Google Cloud Dataflow is a managed service for creating data pipelines that ingest, transform, and analyze massive amounts of data, in either batch or streaming modes, using the same SDK and API. The service is based internal Google technologies like FlumeJava and MillWheel, and was introduced by Google last year as a successor to MapReduce that’s well-suited for massive ETL jobs.
Dataflow uses the concept of “runners” to determine where a given Dataflow program runs. It started off with two, including the Google Cloud Dataflow runner that executes on the Google Cloud Platform; and a Direct Pipeline runner, which executes the program on the developer’s local machine.
With today’s announcement, Google is now supporting a third runner, for Spark. The software, which was developed by Cloudera Labs, allows the same Dataflow pipeline that a developer ran on his local PC or the Google Cloud Platform to run on a Spark cluster, either on-premise or in the cloud.

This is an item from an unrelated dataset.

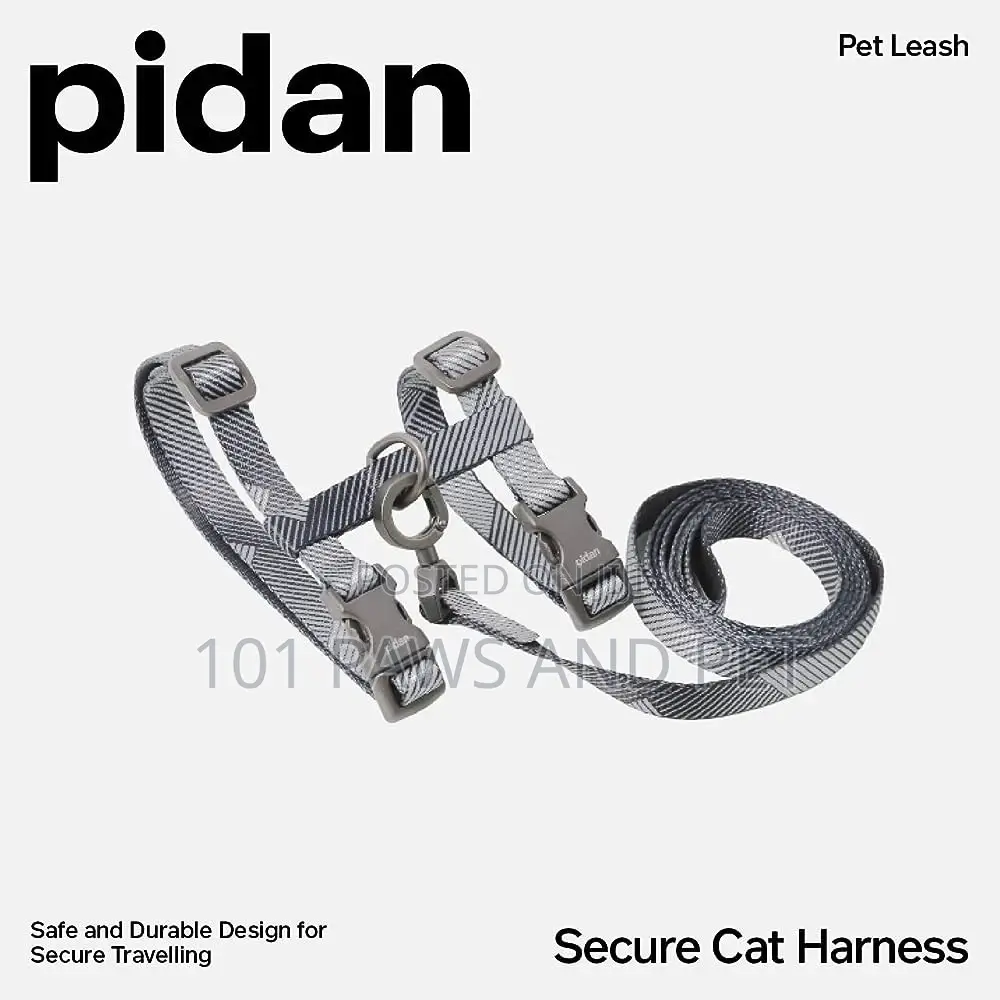 Cat and Dog Harness Available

Supporting Dataflow on Spark is all about giving customers freedom of choice when it comes to the back-end platform used for big data processing. It’s about not locking them into a specific architecture and avoiding having to rewrite algorithms, according to Google Cloud Platform product manager William Vambenepe.

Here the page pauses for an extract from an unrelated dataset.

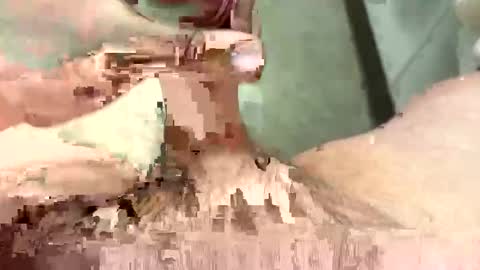 Snapshot of gifteddguy89 chatting on February 17, 4:39 pm gifteddguy89 online show from February 17, 4:39 pm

“Big data processing can take place in many contexts,” Vambenepe writes in the Google Cloud Platform blog. “Sometimes you’re prototyping new pipelines, and at other times you’re deploying them to run at scale. Sometimes you’re working on-premises, and at other times you’re in the cloud. Sometimes you care most about speed of execution, and at other times you want to optimize for the lowest possible processing cost.
“The best deployment option,” he continues, “often depends on this context. It also changes over time; new data processing engines become available, each optimized for specific needs–from the venerable Hadoop MapReduce to Storm, Spark, Tez or Flink, all in open source, as well as cloud-native services. Today’s optimal choice of big data runtime might not be tomorrow’s.”

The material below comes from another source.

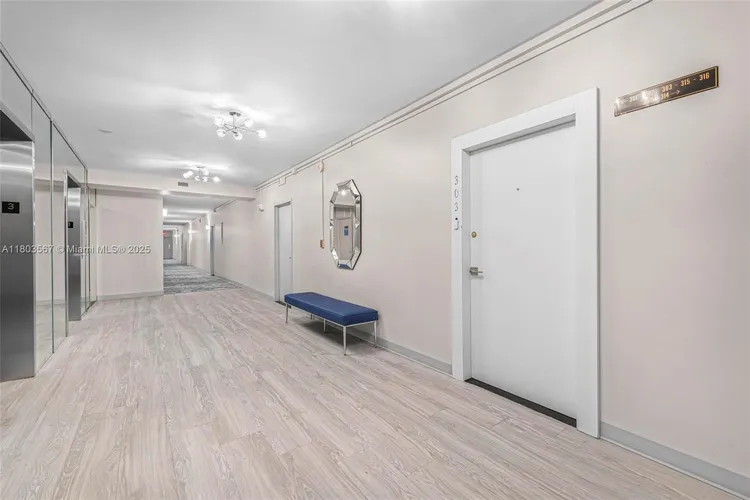 Mimosa #303 image #15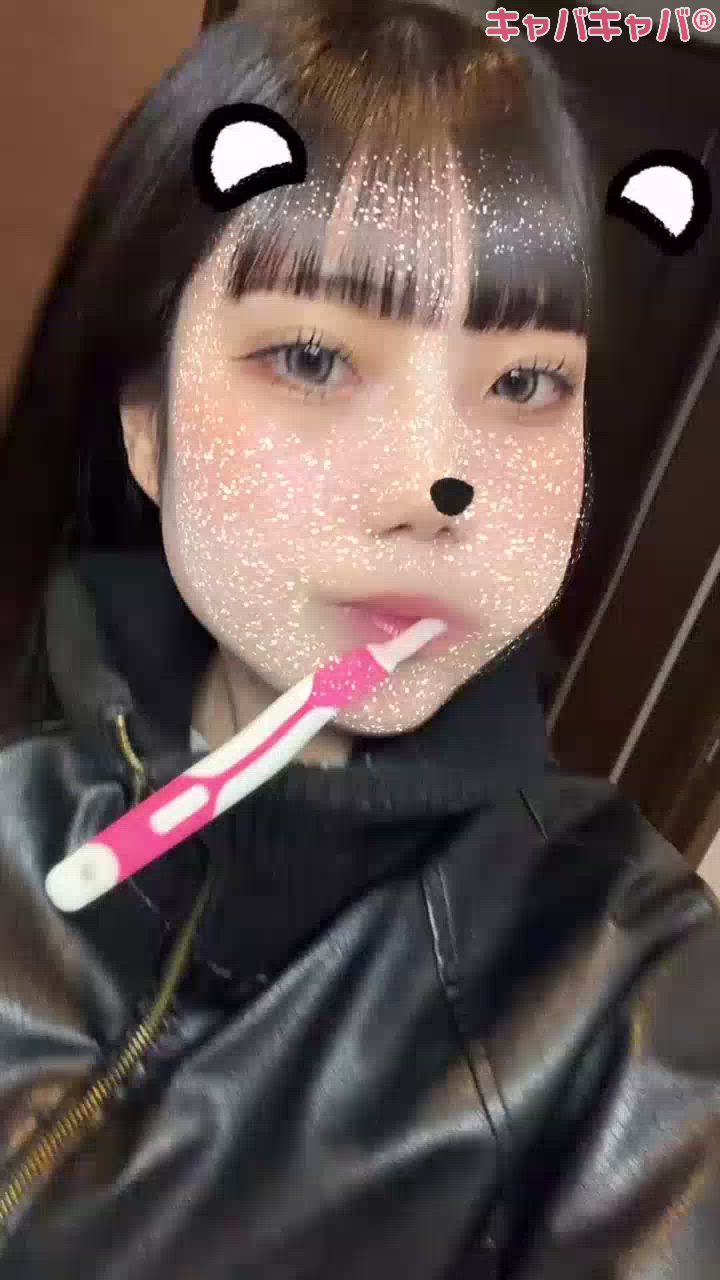 コンセプトカフェ あにまる宮殿日記1603226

At this point, the Spark runner for Dataflow only supports batch pipelines. Cloudera is working on extending Spark Streaming to support all the windowing functionality provided by Dataflow, says Josh Wills, Cloudera’s senior director of data science, in a separate blog post today. It supports Apache Spark version 1.2, which Cloudera supports in CDH 5.3.
“We are delighted that Cloudera is joining us, and we look forward to the future growth of the Dataflow ecosystem,” Vambenepe says. “We’re confident that Dataflow programs will make data more useful in an ever-growing number of environments, in cloud or on-premises.”
You can access the early prototype of the Spark Dataflow runner at github.com/cloudera/spark-dataflow.